The arrival of the first Serbian Orthodox Christian emigrants to the Americas began in the first half of the 19th century. One only needs to read the life stories of Michael Pupin and Nikola Tesla and the lesser-known personalities such as Rado Radosavljević to understand the impact of immigration period of the time. When young adventurous Serbs came to California, there were Slavonians there to welcome them. There was a Slavonian at John Sutter's Mill when James W. Marshall found gold there. He was the one they called "Sailor Man". Slavs were in America mining gold even before Marshall's find. The Russians found gold in their colonies of Fort Ross and Bodega in 1812. Stories abound about Slavonians marrying daughters of Spanish Dons in California and even a Hawaiian princess. The famous Tadich Grill on California Street in San Francisco was established by Slavonians on Commercial Street in that city way back in 1849. The first secretary of the California Land Commission was George Fisher (Đorđe Šagić). George Fisher came to America in 1825 and is remembered as an eminent American pioneer.
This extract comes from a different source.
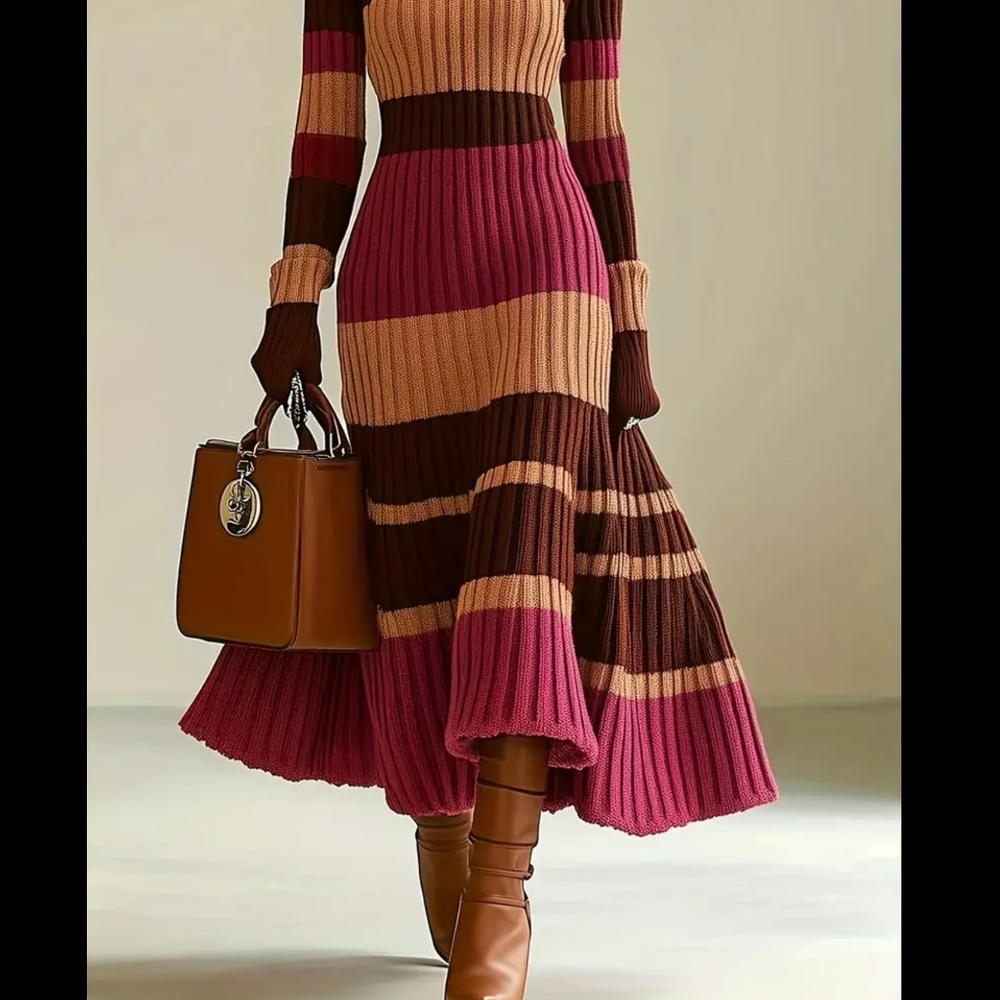 Chic Long Sleeve Brown and Pink Dress - Picture 4 of 4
It is no surprise that Serbs came to Amador and Calaveras counties in the late 19th century. Many of the mining companies in those counties were Slavonian-owned or managed. They also came to the United States of America via Mexico, then under the rule of an Austrian Archduke Maximillian who was dubbed "the last King of Mexico". Those were mainly Serbs from the Austrian Empire (later Austria-Hungary) who emigrated to Mexico, though found more opportunities north of Tijuana. Also, many of them were sailors on Adriatic sailing ships that called on California ports before and during the California Gold Rush. Other Serbian sailors who came by sailing ships to the Gulf of Mexico decided to make their home in New Orleans, Louisiana. Later, these same Serbs joined the ranks of fighting men in Slavonian Rifles 1st Co., Slavonian Rifles 2nd Co., Slavonian Rifles Company Infantry Battalion Louisiana Legion, Austrian Guards 4th Regiment European Brigade, Cognevich's Company 4th Regiment European Brigade. Names like Russian Turchin and Serb-Montenegrin Cognevich (Konjević) of New Orleans who organized his own company and became its captain are now part of American Civil War history.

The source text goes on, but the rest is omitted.